-- Opening Marker --
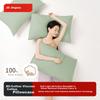 Original Vita Cotton Pillowcase, 100% Pure Cotton Class A All-Cotton Pillow Cover, Set of Two, Lime Green, 48*74cm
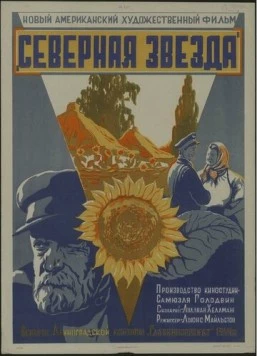 Северная звезда / Armored Attack 1943 скачать через торрент в хорошем качестве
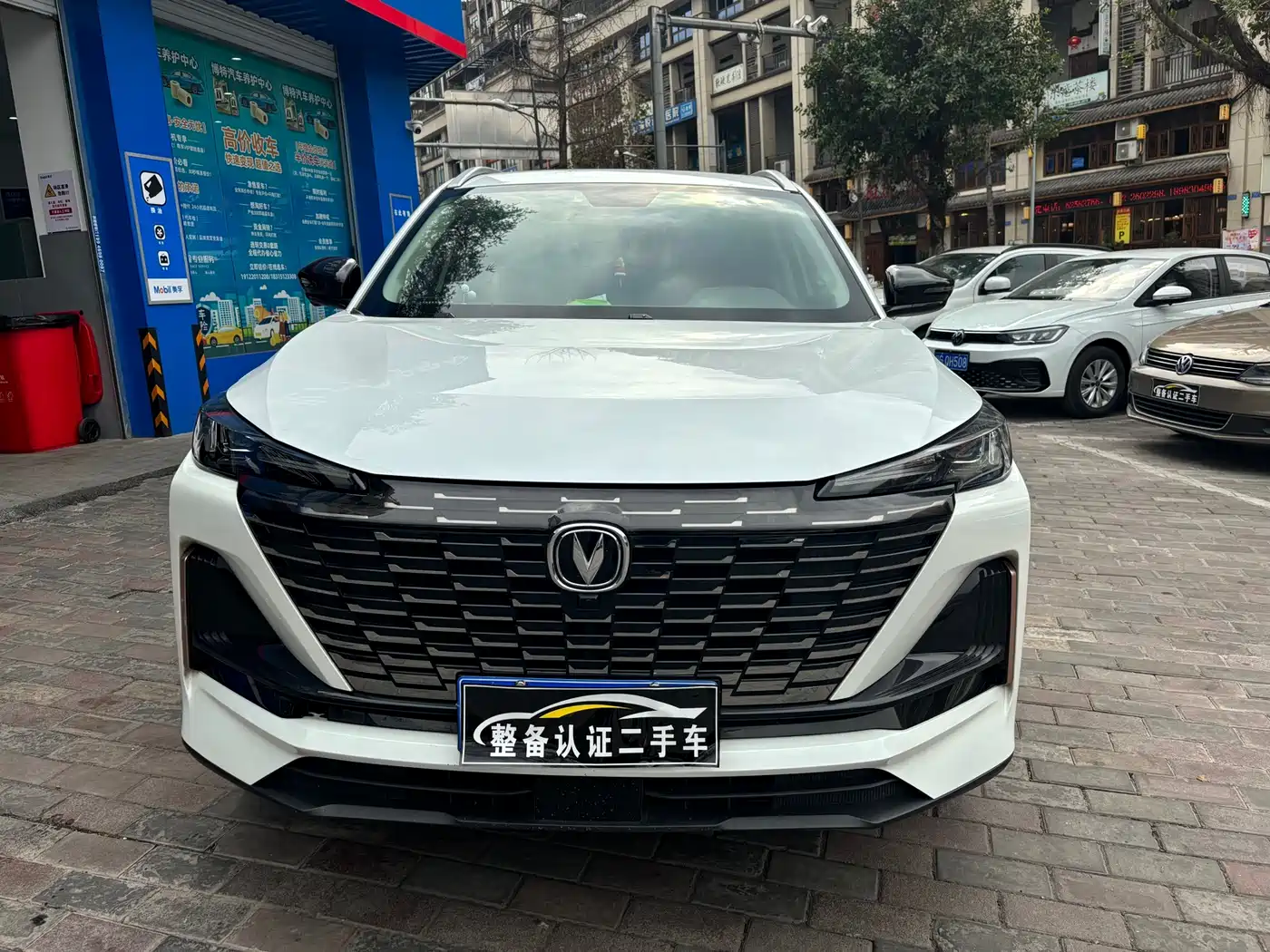 CHANGAN CS55PLUS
-- Closing Marker --
◆ **What to produce**: Skipping the pictures, transcribe each line above exactly as it appears.

◆ **Exercise result**:
 Original Vita Cotton Pillowcase, 100% Pure Cotton Class A All-Cotton Pillow Cover, Set of Two, Lime Green, 48*74cm
 Северная звезда / Armored Attack 1943 скачать через торрент в хорошем качестве
 CHANGAN CS55PLUS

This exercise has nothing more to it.